# Enclosed trailer



## Crawfishie!! (Dec 9, 2009)

Well guys and gals the search has ended....FINALLY!!! I'll be picking up my new enclosed trailer to use to haul our bikes and sleep in. It's a '12 Covered Wagon. Measures 8.5' wide, 20' long and 7.5' inside height. Comes with a 18' awning (not installed yet, still in the box), 2 spare tires and rubber floor. Covering. I'm pretty excited about this purchase. 

Here's a few pics. 

























Mud slinging' and COLD beer drinkin'


----------



## browland (Apr 4, 2009)

Crawfishie!! said:


> Well guys and gals the search has ended....FINALLY!!! I'll be picking up my new enclosed trailer to use to haul our bikes and sleep in. It's a '12 Covered Wagon. Measures 8.5' wide, 20' long and 7.5' inside height. Comes with a 18' awning (not installed yet, still in the box), 2 spare tires and rubber floor. Covering. I'm pretty excited about this purchase.
> 
> Here's a few pics.
> 
> ...


Nice rig Patna ,


----------



## walker (Apr 5, 2009)

thats how i roll to when i dont wanna take my camper .. i use a futon for a bed .. but if it was my every ride sleeping situation i would rig something on the walls that folded down to make a bed . congrats..


----------



## Crawfishie!! (Dec 9, 2009)

Hell yeah Brad, I'm getting a sleep system from a toy hauler to put in it. It's comma collapse against the ceiling for storage. 

Mud slinging' and COLD beer drinkin'


----------



## jrpro130 (May 10, 2009)

Thats like mine! I have a 24 pace, it's 7'6" wide, 6 lug axles dual brakes, 2001. Side window, extra wide side door.

I put a bench in the front (just plywood reinforced and double layer), have 2 55 gal barells underneath. I wired it for a L14-30 plug (generator) on the outside, with a 6/12 breaker panel inside, I have rooftop AC and outlets all along the walls. I did a marine washdown pump and I have a portable hot water heater (propane). I have a microwave, fridge, toaster, and futon, along with toolbox, 3 shop lights, and whatever else is jammmed in there! Still fit 2 full size bikes in no problem and can walk around them.

It's not the prettiest, but gets the job done!


----------



## Polaris425 (Dec 16, 2004)

Very nice!


----------



## 2010Bruterider (Jun 20, 2010)

Very nice!
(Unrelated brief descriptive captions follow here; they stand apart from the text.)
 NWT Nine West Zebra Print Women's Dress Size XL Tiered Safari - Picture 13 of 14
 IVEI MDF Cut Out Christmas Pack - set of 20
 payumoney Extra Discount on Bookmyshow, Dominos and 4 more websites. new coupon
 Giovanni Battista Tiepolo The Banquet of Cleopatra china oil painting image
I've been wanting something like that for a while now. It should make a nice camper/hauler.

To the Batcave!


----------



## Brute650i (Dec 17, 2008)

you Bought my dang trailor!!!!! really nice trailer I believe i was looking at this exact trailer or atleast one that was identical. If only money situation was just a tad bit different.


----------



## mini bogger (Sep 14, 2010)

did you buy that from ben Darbonne?



"The ride says it all"


----------



## primetime1267 (Aug 31, 2009)

Man, that thing is tall!! Looks like it will be a killer rig when you get her all outfitted with everything.


----------



## Crawfishie!! (Dec 9, 2009)

mini bogger said:


> did you buy that from ben Darbonne?
> 
> 
> 
> "The ride says it all"


Yes sir, sure did. Meeting him tomorrow in Shreveport to pick it up. 
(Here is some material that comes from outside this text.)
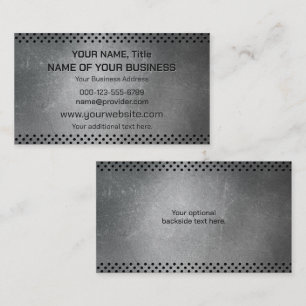 Tarjeta De Visita Personalizado Textos Falsos Metalizado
Mud slinging' and COLD beer drinkin'


----------



## Crawfishie!! (Dec 9, 2009)

Brute650i said:


> you Bought my dang trailor!!!!! really nice trailer I believe i was looking at this exact trailer or atleast one that was identical. If only money situation was just a tad bit different.


Bought it from a guy in Louisiana. I have been talking to him for a few months about this trailer. Super nice trailer for one hell of a deal I couldn't pass up. Sorry man!! 
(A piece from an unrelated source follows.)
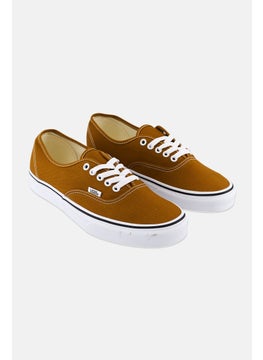 اشتري Men Authentic Lace Up Shoes, Golden Brown/White في الامارات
Mud slinging' and COLD beer drinkin'


----------



## Brute650i (Dec 17, 2008)

Crawfishie!! said:


> Bought it from a guy in Louisiana. I have been talking to him for a few months about this trailer. Super nice trailer for one hell of a deal I couldn't pass up. Sorry man!!
> 
> Mud slinging' and COLD beer drinkin'


Yeap that would be the one. I would look at it just about every day and try to figure out how to buy it.

never did figure that out tho


----------



## Crawfishie!! (Dec 9, 2009)

Oh snap....so your the guy that was gonna buy it? Lol 

Mud slinging' and COLD beer drinkin'


----------



## Big D (Jun 23, 2009)

Sweet. Congrats!
I'm amazed the creature comforts (heaters, kitchens, beds, biffy, etc) some people put in those.


----------



## Brute650i (Dec 17, 2008)

I never actually talked to him. Didnt want to waste his time knowing I could make the deal happen. 

I love that trailer though gonna build/buy me one just like it in the next year or so.


----------



## Crawfishie!! (Dec 9, 2009)

It is pretty nice. I won't be building it up too much yet. It'll be more like work in progress.....for a LONG time! 

Mud slinging' and COLD beer drinkin'


----------



## Crawfishie!! (Dec 9, 2009)

Yesterday I drove to my dads house in South Louisiana to spend a little time with him. On my way back today I picked this trailer up. Hooked up no problem, pulled out the neighborhood no problem, set elect trailer brakes no problem.....headed to I-49 north. 
Get on the interstate and proceeded to "let the big dog eat". NOT so much!!! As I drove from just south of Alexandria towards shreveport I quickly realized this is going to have to be used for short trips. I really don't think going 65mph and turning 4700 rpm's can be good for my tiny motor in my 1/2 ton truck. Consuming just over 2 tanks of gas getting home, I can see this is going to be expensive to pull around until I can get a 3/4 ton diesel. 
All in all, I like the trailer and I think it'll be a great asset to our needs. 

Mud slinging' and COLD beer drinkin'


----------



## walker (Apr 5, 2009)

Did you have in tow and haul. If so try pulling it in drive. cause it takes away your overdrive.


----------



## Crawfishie!! (Dec 9, 2009)

Lmfao....man I had it in tow haul mode and gear shifter in 3. That sucka was SCREAMING going down the road. I was waiting for the motor to Jim out of the hood at any minute. 

Mud slinging' and COLD beer drinkin'


----------



## newbie (Nov 18, 2011)

Our 99 silverado is like that 18 foot gooseneck 2 brutes and a rzr is all it wants


----------